The processing execution device 50 subsequently processes the image data by a binarization data using the luminance threshold value stored in the quality judgment memory 53 to obtain binarized image data that expresses the luminance of each pixel by “0 (dark)” or “1 (bright)”.


As described above, the bag-making mechanism 22 and the sealing mechanism 24 perform thermal welding such as to make the thickness of a sealed portion 6 smaller than the total thickness of the overlapping parts of the sheet 3 prior to thermal welding corresponding to the sealed portion 6. Accordingly, the thickness of a sealed portion 6 that is appropriately welded and has the good sealing quality is smaller than the total thickness described above. As shown in FIG. 7 (FIG. 7 illustrates the sealed portions 6 of the welded part 4 and the like), this sealed portion 6 has a relatively large quantity of transmitted light (luminance value) in the image data. The thickness of a sealed portion 6 that is not sufficiently welded and has the poor sealing quality (hereinafter referred to as “poor sealed portion 6X) is, on the other hand, equivalent to or even larger than the total thickness described above. Accordingly, the poor sealed portion 6X has a relatively small quantity of transmitted light (luminance value) in the image data (as shown in FIG. 7). As described above, the sealed portion 6 of the good sealing quality and the poor sealed portion 6X have different quantities of transmitted light. In the obtained binarized image data, each pixel corresponding to the sealed portion 6 of the good sealing quality has a luminance of “1 (bright)”, and each pixel corresponding to the poor sealed portion 6X has a luminance of “0 (dark)”.

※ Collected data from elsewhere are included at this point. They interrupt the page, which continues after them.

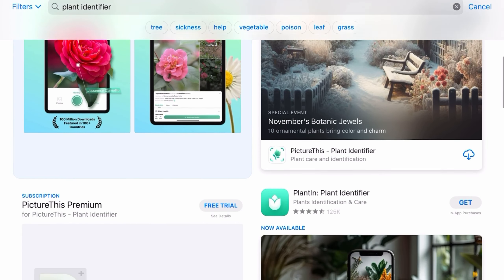A weed is defined as a wild plant growing where we don't want it. But if we don't know what it is, how do we know we don't want it? And what if someone does want it? Birds have been landscaping long before us, and they vote with their butts. I would love to attract more birds to my garden, so I'm trying to pay better attention to what they're planting.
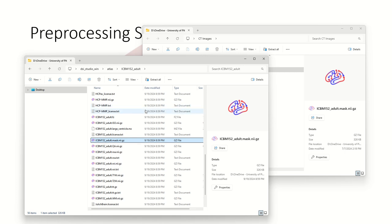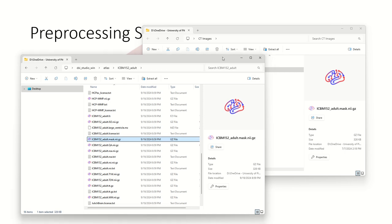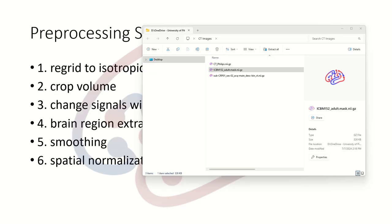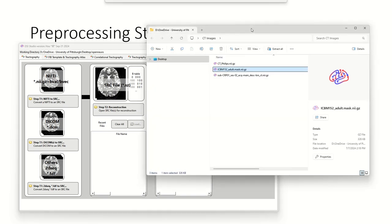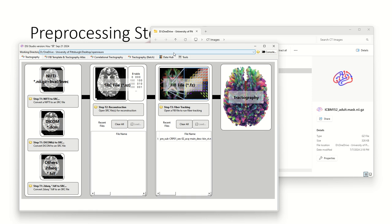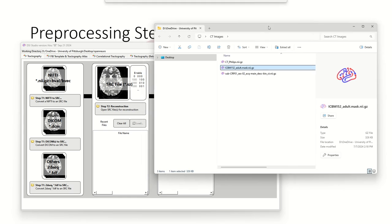If you are using another operating system like Mac or Linux, there are also others under the folder. On Mac you will need to right-click on the app package to view the content and find it under a similar folder structure. Once you start DSS Studio, the program may prompt you to update — I recommend you update so that the functions are up-to-date.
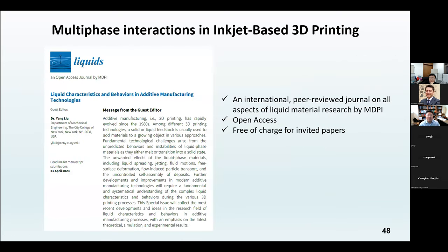I also want to broadcast a special issue that I am editing as a guest editor. If any of you are interested in submitting a paper about liquid characteristics and behaviors in 3D printing, please reach out to me. It is a free open-access journal, and if you receive my invitation it is free of charge for publication.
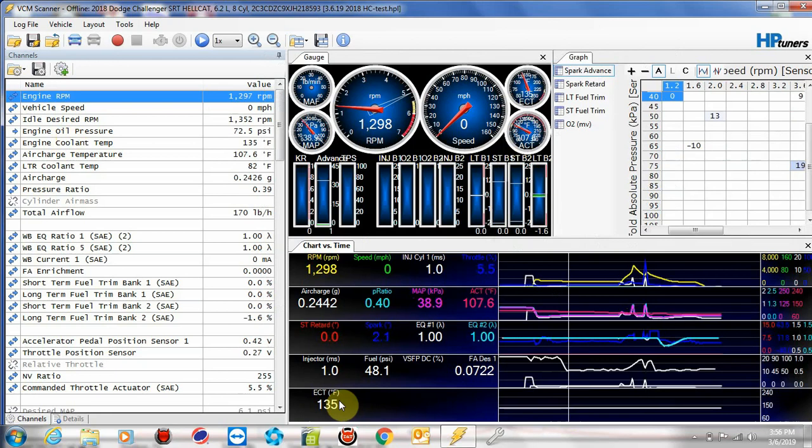So hopefully this gives you a good idea how to configure charts versus time. And if you have any other questions or suggestions on videos, put it in the remarks section or send me an email. Talk to you later. Bye.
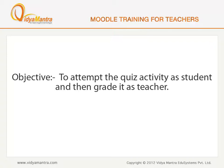In this lesson, we will attempt the quiz activity as student 1 and then grade the quiz as teacher. So, switch to Google Chrome now.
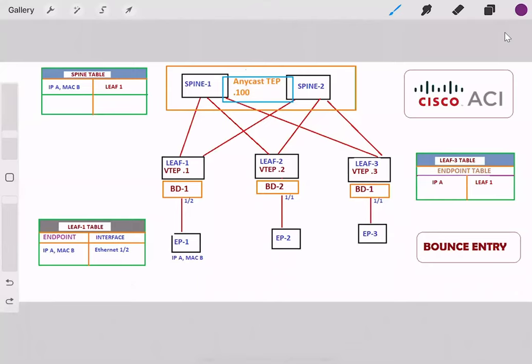In this section we will discuss bounce entries in Cisco ACI. We have endpoint 1 which has IP address A and MAC address B. On the table of LEAF1 we have the entry for IP-A and MAC address B, and it is learning it from ethernet 1/2.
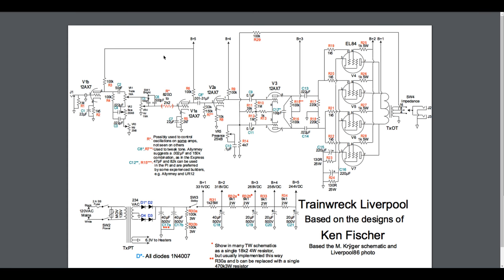This capacitor here is a 100 picofarad. It seems to me to be like a coupling capacitor that actually creates a little bit of negative feedback from either side towards each other to maybe kind of tame the circuit a little bit as well. I think I've seen this in some Marshalls.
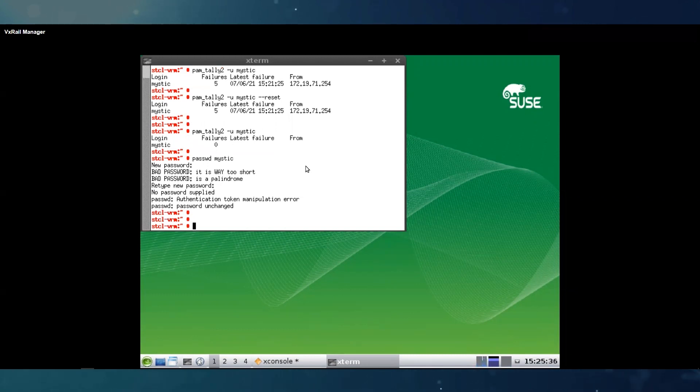Then you should be able now to log in successfully as mystic when you try to SSH.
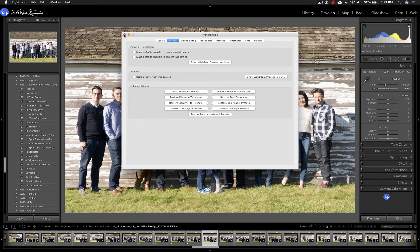Lightroom has to be closed in order for the presets to show up. You need to restart Lightroom, so be sure to do that after you've dragged the presets to the right folders.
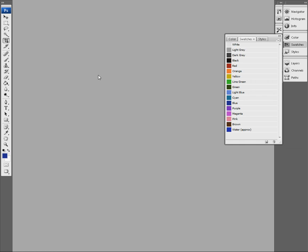Hello everyone, I'm Impulse9 and I'm here to show you how in Photoshop to limit an image to a particular palette of colors. I found this particularly applicable to Minecraft where you only have 16 wool colors to choose from.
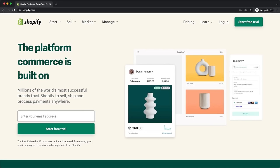In this Shopify tutorial for beginners, I'm going to show you step by step how to use Shopify to build your own online store from complete scratch. So let's not waste any time and get started.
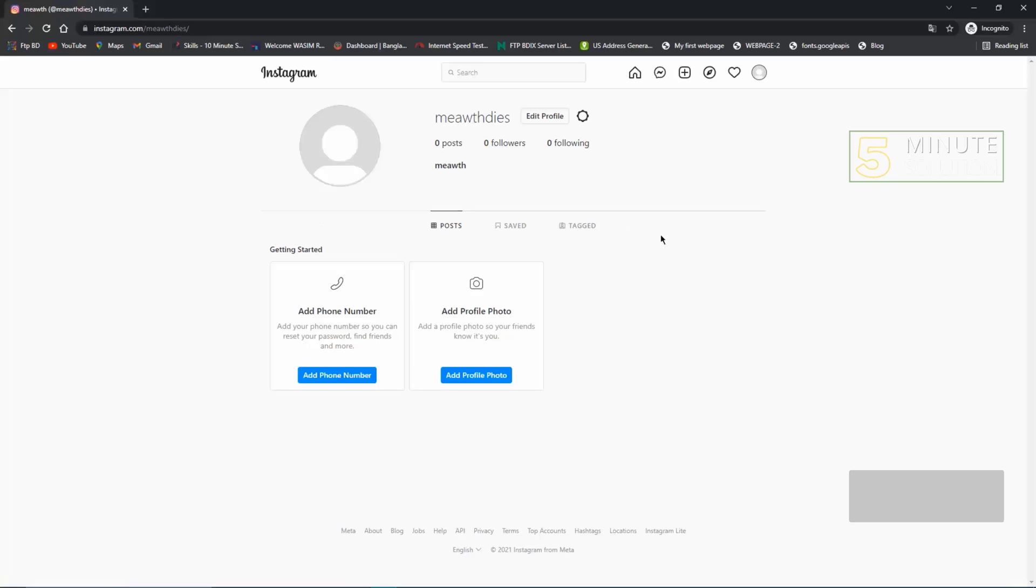So that's how you change language on Instagram. Hope you guys liked this video. Please feel free to share and like this video, and subscribe.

The processing execution device 50 subsequently performs lump processing with regard to the set inspection object range as an object. The lump processing specifies a linkage component with regard to the pixels having the luminance of ‘1 (bright)” in the binarized image data (i.e., pixels corresponding to the sealed portion 6 of the good sealing quality) and calculates the area (the number of pixels according to one or more embodiments) of the specified linkage component (lump portion). The processing execution device 50 then determines whether a location having the good sealing quality in the sealed portion 6 has a sufficient area, based on the area of the lump portion and the area reference value stored in the quality judgment memory 53. According to one or more embodiments, the processing execution device 50 determines, when the areas of the respective lump portions are larger than the area reference value described above, that the respective sealed portions 6 have good quality of sealing and makes a non-defective determination, while otherwise determining that at least one sealed portion 6 has a poor quality of sealing and makes a defective determination.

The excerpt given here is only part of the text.